20.2 Label switching in mixture models
Where collinearity in regression models can lead to infinitely many posterior maxima, swapping components in a mixture model leads to finitely many posterior maxima.
Mixture models
Consider a normal mixture model with two location parameters \(\mu_1\) and \(\mu_2\), a shared scale \(\sigma > 0\), a mixture ratio \(\theta \in [0,1]\), and likelihood \[ p(y \mid \theta,\mu_1,\mu_2,\sigma) = \prod_{n=1}^N \big( \theta \, \textsf{normal}(y_n \mid \mu_1,\sigma) + (1 - \theta) \, \textsf{normal}(y_n \mid \mu_2,\sigma) \big). \] The issue here is exchangeability of the mixture components, because \[ p(\theta,\mu_1,\mu_2,\sigma \mid y) = p\big((1-\theta),\mu_2,\mu_1,\sigma \mid y\big). \] The problem is exacerbated as the number of mixture components \(K\) grows, as in clustering models, leading to \(K!\) identical posterior maxima.

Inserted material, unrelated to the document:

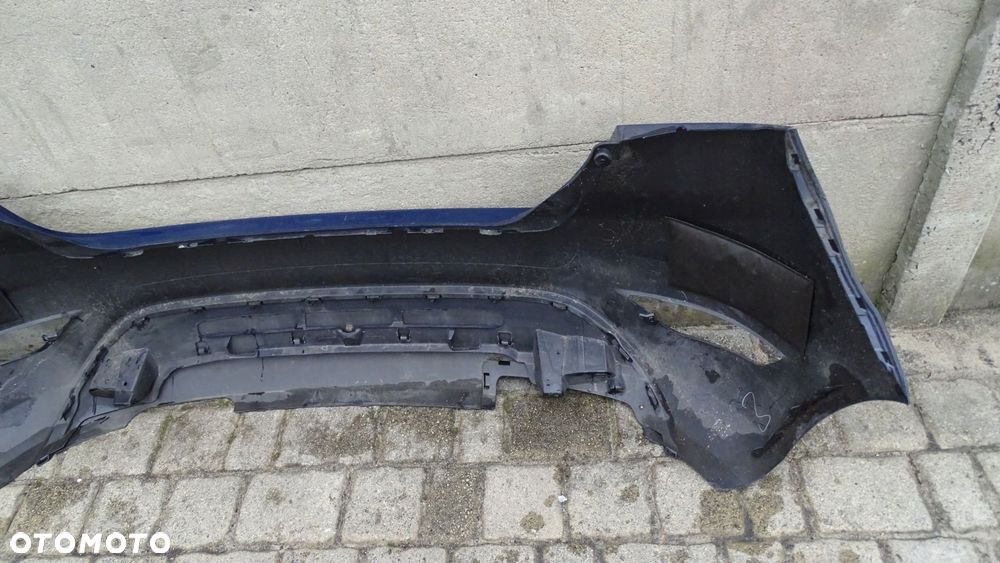 FORD FIESTA MK7 - zderzak tylny - 6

Convergence monitoring and effective sample size
The analysis of posterior convergence and effective sample size is also difficult for mixture models. For example, the \(\hat{R}\) convergence statistic reported by Stan and the computation of effective sample size are both compromised by label switching. The problem is that the posterior mean, a key ingredient in these computations, is affected by label switching, resulting in a posterior mean for \(\mu_1\) that is equal to that of \(\mu_2\), and a posterior mean for \(\theta\) that is always 1/2, no matter what the data are.
Some inferences are invariant
In some sense, the index (or label) of a mixture component is irrelevant. Posterior predictive inferences can still be carried out without identifying mixture components. For example, the log probability of a new observation does not depend on the identities of the mixture components. The only sound Bayesian inferences in such models are those that are invariant to label switching. Posterior means for the parameters are meaningless because they are not invariant to label switching; for example, the posterior mean for \(\theta\) in the two component mixture model will always be 1/2.
Highly multimodal posteriors
Theoretically, this should not present a problem for inference because all of the integrals involved in posterior predictive inference will be well behaved. The problem in practice is computation.
Being able to carry out such invariant inferences in practice is an altogether different matter. It is almost always intractable to find even a single posterior mode, much less balance the exploration of the neighborhoods of multiple local maxima according to the probability masses. In Gibbs sampling, it is unlikely for \(\mu_1\) to move to a new mode when sampled conditioned on the current values of \(\mu_2\) and \(\theta\). For HMC and NUTS, the problem is that the sampler gets stuck in one of the two “bowls” around the modes and cannot gather enough energy from random momentum assignment to move from one mode to another.
Even with a proper posterior, all known sampling and inference techniques are notoriously ineffective when the number of modes grows super-exponentially as it does for mixture models with increasing numbers of components.
Hacks as fixes
Several hacks (i.e., “tricks”) have been suggested and employed to deal with the problems posed by label switching in practice.
Parameter ordering constraints
One common strategy is to impose a constraint on the parameters that identifies the components. For instance, we might consider constraining \(\mu_1 < \mu_2\) in the two-component normal mixture model discussed above. A problem that can arise from such an approach is when there is substantial probability mass for the opposite ordering \(\mu_1 > \mu_2\). In these cases, the posteriors are affected by the constraint and true posterior uncertainty in \(\mu_1\) and \(\mu_2\) is not captured by the model with the constraint. In addition, standard approaches to posterior inference for event probabilities is compromised. For instance, attempting to use \(M\) posterior samples to estimate \(\textsf{Pr}[\mu_1 > \mu_2]\), will fail, because the estimator \[ \textsf{Pr}[\mu_1 > \mu_2] \approx \sum_{m=1}^M \textrm{I}\left(\mu_1^{(m)} > \mu_2^{(m)}\right) \] will result in an estimate of 0 because the posterior respects the constraint in the model.
Initialization around a single mode
Another common approach is to run a single chain or to initialize the parameters near realistic values.36
This can work better than the hard constraint approach if reasonable initial values can be found and the labels do not switch within a Markov chain. The result is that all chains are glued to a neighborhood of a particular mode in the posterior.